1. series and sequences

prospectors are drilling for oil. The cost of drilling to a depth of 50m is £500. To drill a further 50m costs £640 and, hence, the total cost of drilling to a depth of 100m is £1140. Each subsequent extra depth of 50m costs £140 more to drill than the previous 50m.
the total sum of money available for drilling is £76000. Find, to the nearest 50m, the freatest depth that can be drilled.
a=500 d=140 i'm not sure what n=....

2. Hello, girlpower1991!

Prospectors are drilling for oil.
The cost of drilling to a depth of 50m is $500. To drill a further 50m costs$640
and, hence, the total cost of drilling to a depth of 100m is $1140. Each subsequent extra depth of 50m costs$140 more to drill than the previous 50m.
The total sum of money available for drilling is \$76,000.
Find, to the nearest 50m, the greatest depth that can be drilled.
I had to baby-talk mny way through it . . .

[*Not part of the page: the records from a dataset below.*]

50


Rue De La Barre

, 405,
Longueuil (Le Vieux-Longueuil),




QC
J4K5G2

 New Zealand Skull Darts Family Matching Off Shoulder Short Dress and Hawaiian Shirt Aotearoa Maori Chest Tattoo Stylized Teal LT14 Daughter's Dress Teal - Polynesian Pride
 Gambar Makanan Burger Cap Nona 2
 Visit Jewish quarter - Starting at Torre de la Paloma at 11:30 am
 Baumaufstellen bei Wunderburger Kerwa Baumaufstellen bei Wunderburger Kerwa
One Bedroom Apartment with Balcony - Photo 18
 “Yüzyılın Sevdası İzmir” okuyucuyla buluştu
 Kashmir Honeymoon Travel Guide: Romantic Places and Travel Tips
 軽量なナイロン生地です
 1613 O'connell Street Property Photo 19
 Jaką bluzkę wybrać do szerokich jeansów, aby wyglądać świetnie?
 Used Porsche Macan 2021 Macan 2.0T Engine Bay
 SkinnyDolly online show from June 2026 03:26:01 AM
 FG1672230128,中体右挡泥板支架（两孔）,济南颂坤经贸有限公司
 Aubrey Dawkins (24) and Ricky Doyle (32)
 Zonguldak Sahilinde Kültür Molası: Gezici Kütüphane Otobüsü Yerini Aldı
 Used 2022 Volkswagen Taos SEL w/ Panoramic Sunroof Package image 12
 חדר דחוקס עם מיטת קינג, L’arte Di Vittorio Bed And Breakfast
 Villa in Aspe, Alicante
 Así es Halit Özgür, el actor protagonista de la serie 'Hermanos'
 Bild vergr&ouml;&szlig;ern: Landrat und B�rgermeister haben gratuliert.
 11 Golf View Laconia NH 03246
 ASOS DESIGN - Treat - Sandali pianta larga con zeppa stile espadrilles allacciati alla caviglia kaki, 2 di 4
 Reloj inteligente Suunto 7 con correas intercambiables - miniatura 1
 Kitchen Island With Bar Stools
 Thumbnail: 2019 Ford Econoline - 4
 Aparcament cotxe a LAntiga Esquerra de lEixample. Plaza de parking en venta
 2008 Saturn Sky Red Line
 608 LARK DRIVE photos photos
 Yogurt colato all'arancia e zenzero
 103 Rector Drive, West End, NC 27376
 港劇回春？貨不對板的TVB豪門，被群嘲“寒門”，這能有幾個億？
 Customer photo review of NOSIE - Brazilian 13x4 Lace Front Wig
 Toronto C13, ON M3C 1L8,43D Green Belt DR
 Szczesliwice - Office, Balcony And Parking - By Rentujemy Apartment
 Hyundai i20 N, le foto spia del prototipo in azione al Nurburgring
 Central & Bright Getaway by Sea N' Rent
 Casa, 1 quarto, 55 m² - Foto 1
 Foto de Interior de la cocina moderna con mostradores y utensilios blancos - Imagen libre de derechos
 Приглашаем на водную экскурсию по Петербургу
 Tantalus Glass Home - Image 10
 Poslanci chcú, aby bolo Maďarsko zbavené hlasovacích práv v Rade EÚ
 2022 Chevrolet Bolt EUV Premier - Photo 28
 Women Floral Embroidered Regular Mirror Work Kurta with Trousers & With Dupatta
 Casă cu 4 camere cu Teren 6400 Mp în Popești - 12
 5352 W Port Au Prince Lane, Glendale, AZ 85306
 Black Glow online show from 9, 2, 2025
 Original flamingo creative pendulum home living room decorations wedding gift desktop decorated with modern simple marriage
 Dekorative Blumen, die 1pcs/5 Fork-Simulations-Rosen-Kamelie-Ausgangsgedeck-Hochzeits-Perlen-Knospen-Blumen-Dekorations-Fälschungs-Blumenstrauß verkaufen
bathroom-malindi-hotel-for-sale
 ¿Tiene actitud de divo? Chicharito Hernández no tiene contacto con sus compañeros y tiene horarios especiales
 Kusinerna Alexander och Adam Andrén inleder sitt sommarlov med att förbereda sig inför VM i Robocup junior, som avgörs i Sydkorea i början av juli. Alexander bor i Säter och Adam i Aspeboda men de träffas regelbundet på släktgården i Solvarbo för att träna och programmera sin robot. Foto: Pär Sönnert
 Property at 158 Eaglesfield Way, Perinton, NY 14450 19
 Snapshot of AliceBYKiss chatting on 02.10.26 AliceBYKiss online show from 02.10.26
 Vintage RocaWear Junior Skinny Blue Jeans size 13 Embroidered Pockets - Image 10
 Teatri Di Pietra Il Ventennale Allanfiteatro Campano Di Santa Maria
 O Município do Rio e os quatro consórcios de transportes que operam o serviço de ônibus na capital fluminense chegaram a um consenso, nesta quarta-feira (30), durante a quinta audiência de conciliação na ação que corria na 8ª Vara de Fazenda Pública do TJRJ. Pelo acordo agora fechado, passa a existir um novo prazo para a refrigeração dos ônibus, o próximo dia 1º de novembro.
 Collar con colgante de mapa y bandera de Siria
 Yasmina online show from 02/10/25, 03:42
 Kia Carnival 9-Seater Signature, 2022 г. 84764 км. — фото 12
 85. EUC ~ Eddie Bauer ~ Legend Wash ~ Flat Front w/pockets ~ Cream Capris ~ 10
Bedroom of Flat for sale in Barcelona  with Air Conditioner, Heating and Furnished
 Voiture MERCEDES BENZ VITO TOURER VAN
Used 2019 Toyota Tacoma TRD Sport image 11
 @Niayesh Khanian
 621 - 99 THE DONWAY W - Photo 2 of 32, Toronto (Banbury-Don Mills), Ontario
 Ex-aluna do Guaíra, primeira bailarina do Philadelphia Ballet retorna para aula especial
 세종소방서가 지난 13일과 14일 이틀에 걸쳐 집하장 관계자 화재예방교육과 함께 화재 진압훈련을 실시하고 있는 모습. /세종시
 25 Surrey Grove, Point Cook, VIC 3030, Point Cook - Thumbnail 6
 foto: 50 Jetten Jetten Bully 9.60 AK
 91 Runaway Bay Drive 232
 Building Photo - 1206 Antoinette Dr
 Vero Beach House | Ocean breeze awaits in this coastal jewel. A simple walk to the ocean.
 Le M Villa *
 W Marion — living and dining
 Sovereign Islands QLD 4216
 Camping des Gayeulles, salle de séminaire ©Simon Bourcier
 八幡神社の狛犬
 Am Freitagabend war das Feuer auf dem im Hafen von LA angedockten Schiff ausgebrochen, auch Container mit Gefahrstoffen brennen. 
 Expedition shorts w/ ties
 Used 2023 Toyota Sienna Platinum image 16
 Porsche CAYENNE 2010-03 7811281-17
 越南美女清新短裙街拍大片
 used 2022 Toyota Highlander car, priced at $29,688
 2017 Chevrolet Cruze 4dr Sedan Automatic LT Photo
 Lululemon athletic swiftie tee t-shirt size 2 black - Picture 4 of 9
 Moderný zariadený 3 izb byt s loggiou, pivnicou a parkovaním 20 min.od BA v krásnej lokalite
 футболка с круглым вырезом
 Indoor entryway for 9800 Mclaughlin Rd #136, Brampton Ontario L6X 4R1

$\begin{array}{cccc}\text{Level} & \text{Cost per level} & \text{Total cost} \\ \hline 1 & 500 \\ & & 500 \\ 2 & 640 \\ & & 1140 \\ 3 & 780 \\ & & 1920 \\ 4 & 920 \\ & & 2840 \end{array}$
. . $\begin{array}{ccccc} 5 & \qquad\;\; 1060 \\ & & \qquad\quad\; 3900 \end{array}$

We have a Cost sequence: . $500, 1140, 1920, 2840, 3900, \hdots$

Take the difference of consecutive terms,
. . then take differences of the differences, etc.

$\begin{array}{cccccccccc} \text{Sequence} & 500 && 1140 && 1920 && 2840 && 3900 \\ \text{1st diff.} & & 640 & & 780 & & 920 & & 1060 \\ \text{2nd diff.} & & & 140 & & 140 & & 140 \end{array}$

The second differences are constant.
. . Hence, the function is of the second degree . . . a quadratic.

The general quadratic function is: . $f(n) \;=\;an^2 + bn + c$

Plug in the first three values of the sequence:

. . $\begin{array}{ccccc} f(1) = 500\!: & a + b + c &=& 500 & [1] \\
f(2) = 1140\!: & 4a + 2b + c &=& 1140 & [2] \\
f(3) = 1920\!: & 9a + 3b + c &=& 1920 & [3] \end{array}$

$\begin{array}{ccccc}\text{Subtract [2] - [1]:} & 3a + b &=& 640 & [4] \\
\text{Subtract [3] - [2]:} & 5a + b &=& 780 & [5] \end{array}$

$\begin{array}{cccccccc}\text{Subtract [5] - [4]:} & 2a \:=\: 140 & \Rightarrow &\boxed{a \:=\:70}\end{array}$

$\begin{array}{ccccccc}\text{Substitute into [4]:} & 3(70) + b \:=\:640 & \Rightarrow &\boxed{b \:=\:430} \end{array}$

$\begin{array}{cccccc}\text{Substitute into [1]:} & 70 + 430 + c &=& 500 & \Rightarrow &\boxed{c \:=\:0} \end{array}$

Hence: . $\boxed{f(n) \;=\;70n^2 + 430n}$

We have: . $70n^2 + 430n \;=\;76,\!000 \quad\Rightarrow\quad 7n^2 + 43n - 7600 \;=\;0$

Quadratic Formula: . $n \;=\;\frac{-43\pm\sqrt{43^2 + 4(7)(7600)}}{14} \;=\;
\frac{-43 \pm\sqrt{214,649}}{14}$

The positive root is: . $n \;=\;30.02159122 \;\approx\;30$ levels

The greatest depth is: . $30 \times 50 \;=\;1500$ m.